The reactivation of latent HSV-1 within the trigeminal ganglia (TG) causes recurrent debilitating keratitis. Studies of mouse TG latency models established that the presence of the HSV-1 genome within TG in vivo is associated with mononuclear infiltrates (Halford et al., 1996; Liu et al., 1996; Shimeld et al., 1997) and elevated production of proinflammatory cytokines, e.g. tumour necrosis factor (TNF), interleukin-6 (IL-6) and interferon-{gamma} (IFN-{gamma}) (Cantin et al., 1995; Halford et al., 1996; Liu et al., 1996; Shimeld et al., 1997, 1999). The persistently elevated expression of cytokines during latency is attributed to infrequent spontaneous virus reactivation (Chen et al., 2000; Feldman et al., 2002; Halford et al., 1996). These observations suggest that these proinflammatory cytokines are involved in the host defence response against HSV-1 reactivation. That the addition of syngeneic splenocytes to TG explant cultures significantly delays HSV-1 reactivation from latency (Noisakran & Carr, 1999) further indicates that immunological mediators suppress HSV-1 reactivation.

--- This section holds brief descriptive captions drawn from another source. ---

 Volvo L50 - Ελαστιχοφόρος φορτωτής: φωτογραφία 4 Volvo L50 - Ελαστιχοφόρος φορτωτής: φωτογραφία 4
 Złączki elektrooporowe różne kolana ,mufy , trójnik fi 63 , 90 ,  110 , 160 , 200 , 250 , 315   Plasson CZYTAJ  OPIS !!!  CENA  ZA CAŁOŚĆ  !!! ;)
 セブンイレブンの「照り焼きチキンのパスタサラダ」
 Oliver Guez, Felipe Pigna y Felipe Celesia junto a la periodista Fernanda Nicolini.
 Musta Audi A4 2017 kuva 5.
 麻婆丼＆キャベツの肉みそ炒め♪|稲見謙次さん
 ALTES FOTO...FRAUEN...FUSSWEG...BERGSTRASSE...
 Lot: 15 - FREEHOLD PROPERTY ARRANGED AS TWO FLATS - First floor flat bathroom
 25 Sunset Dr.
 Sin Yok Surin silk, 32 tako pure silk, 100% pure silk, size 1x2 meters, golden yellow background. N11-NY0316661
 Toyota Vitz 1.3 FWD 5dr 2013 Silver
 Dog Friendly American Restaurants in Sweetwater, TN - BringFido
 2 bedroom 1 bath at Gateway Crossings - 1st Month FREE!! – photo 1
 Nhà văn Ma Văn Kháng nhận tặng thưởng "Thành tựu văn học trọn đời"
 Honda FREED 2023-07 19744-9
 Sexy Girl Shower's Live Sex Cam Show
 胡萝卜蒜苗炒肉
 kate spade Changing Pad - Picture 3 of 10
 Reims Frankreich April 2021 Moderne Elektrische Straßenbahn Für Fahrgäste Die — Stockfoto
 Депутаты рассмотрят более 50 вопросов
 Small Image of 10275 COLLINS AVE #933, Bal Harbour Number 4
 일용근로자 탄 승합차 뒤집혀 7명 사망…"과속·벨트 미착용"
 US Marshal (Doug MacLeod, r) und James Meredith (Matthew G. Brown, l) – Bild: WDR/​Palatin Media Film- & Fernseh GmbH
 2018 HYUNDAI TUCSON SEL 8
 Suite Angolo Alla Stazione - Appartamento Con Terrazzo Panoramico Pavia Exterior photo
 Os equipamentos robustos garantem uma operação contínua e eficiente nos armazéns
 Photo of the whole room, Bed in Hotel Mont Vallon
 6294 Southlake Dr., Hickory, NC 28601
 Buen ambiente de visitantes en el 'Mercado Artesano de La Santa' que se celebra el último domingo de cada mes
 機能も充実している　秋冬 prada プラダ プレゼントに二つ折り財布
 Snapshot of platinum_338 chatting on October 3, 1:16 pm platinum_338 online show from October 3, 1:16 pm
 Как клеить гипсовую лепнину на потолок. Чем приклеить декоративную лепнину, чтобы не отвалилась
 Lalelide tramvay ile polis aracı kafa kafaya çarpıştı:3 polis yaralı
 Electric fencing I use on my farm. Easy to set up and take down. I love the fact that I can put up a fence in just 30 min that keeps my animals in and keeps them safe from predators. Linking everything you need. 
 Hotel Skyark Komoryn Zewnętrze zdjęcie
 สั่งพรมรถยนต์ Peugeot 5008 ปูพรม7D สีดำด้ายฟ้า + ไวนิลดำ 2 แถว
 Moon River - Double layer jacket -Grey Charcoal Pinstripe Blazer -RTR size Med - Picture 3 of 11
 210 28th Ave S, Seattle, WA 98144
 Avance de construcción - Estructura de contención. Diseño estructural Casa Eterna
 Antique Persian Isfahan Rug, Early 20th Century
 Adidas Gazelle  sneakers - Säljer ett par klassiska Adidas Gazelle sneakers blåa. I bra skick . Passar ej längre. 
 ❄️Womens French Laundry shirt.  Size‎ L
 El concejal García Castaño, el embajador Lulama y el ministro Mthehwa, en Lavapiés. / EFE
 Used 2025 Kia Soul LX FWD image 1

TNF, while recognized as a critically important antiviral cytokine (Herbein & O'Brien, 2000; Rossol-Voth et al., 1991; Wong & Goeddel, 1986), has been blamed for unnecessary inflammation that can be harmful to the host, and thus has become a molecular target of anti-cytokine therapy. TNF antagonists (anti-TNF mAbs and ‘etanercept’, a dimeric molecule that contains two p75 TNF-receptor extracellular domains attached to the Fc portion of human IgG1) have been introduced to treat patients with rheumatoid arthritis and several other chronic inflammatory diseases (Fox, 2000). These new therapies provide excellent control of inflammation, although they increase the risk of serious infections involving intracellular bacteria (Gardam et al., 2003). Since HSV infection is common in patients of all ages, anti-TNF therapy may increase recurrent HSV diseases. The observation that clinical application of TNF antagonists is in fact associated with infectious complications urged us to study, in more depth, the effects of TNF on HSV infection, especially as a host defence factor. In this study, we analysed the effects of TNF deprivation on HSV-1 reactivation from latency in vitro, and examined HSV-1-infected TNF-knockout (TNF-ko) mice in vivo.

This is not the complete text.